# INSTRUCTIONS FOR THE TASK:
Starting at the first line of the data, print every line up to and including the one with "Acuarela de elefante, Cartel", but no pictures.

# INPUT DATA:
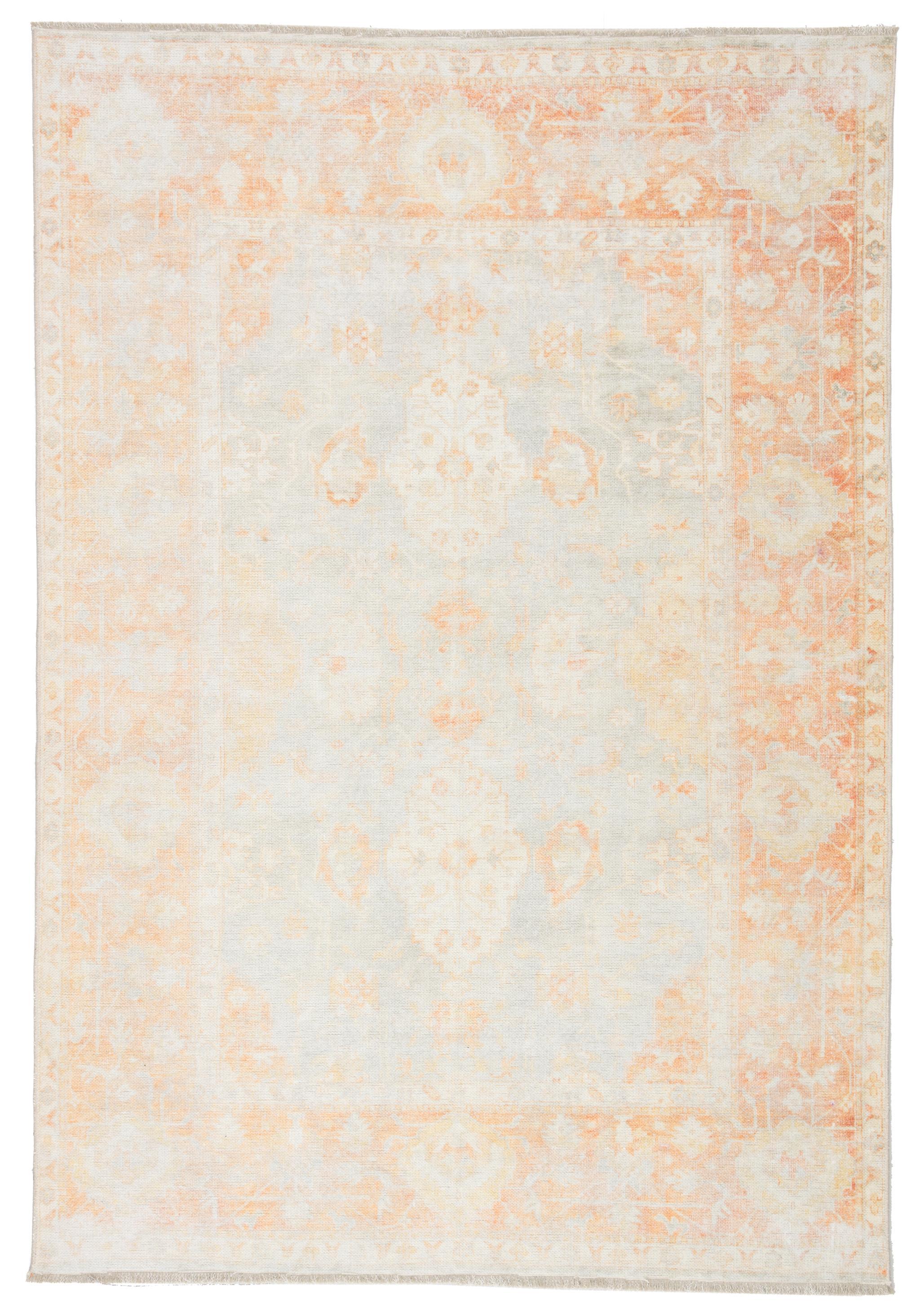 Jaipur Living Boheme Patrin Border Orange / Light Gray 6' X 9' Rug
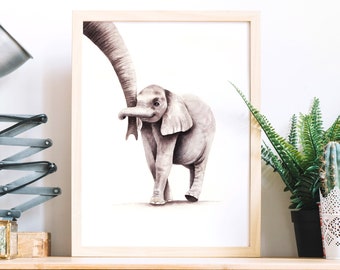 Acuarela de elefante, Cartel de elefante, Cartel de elefante, Acuarela de animales, Cartel de animales, Acuarela, Decoración de pared, Impresión de arte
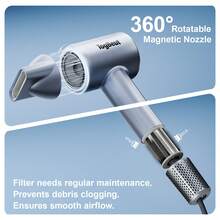 Hair Dryer - Negative Ionic Blow Dryer With 160000 RPM High Speed Brushless Motor For Fast Drying, Low Noise, HD Display Hair Dryer With Diffuser And Nozzle. - Xem 7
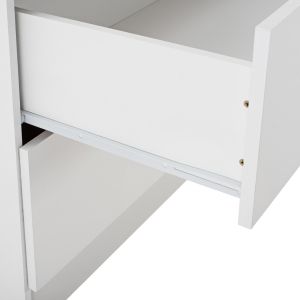 Double-wing melamine wardrobe with two drawers in white Hm338.05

# OUTPUT OF THE EXERCISE:
 Jaipur Living Boheme Patrin Border Orange / Light Gray 6' X 9' Rug
 Acuarela de elefante, Cartel de elefante, Cartel de elefante, Acuarela de animales, Cartel de animales, Acuarela, Decoración de pared, Impresión de arte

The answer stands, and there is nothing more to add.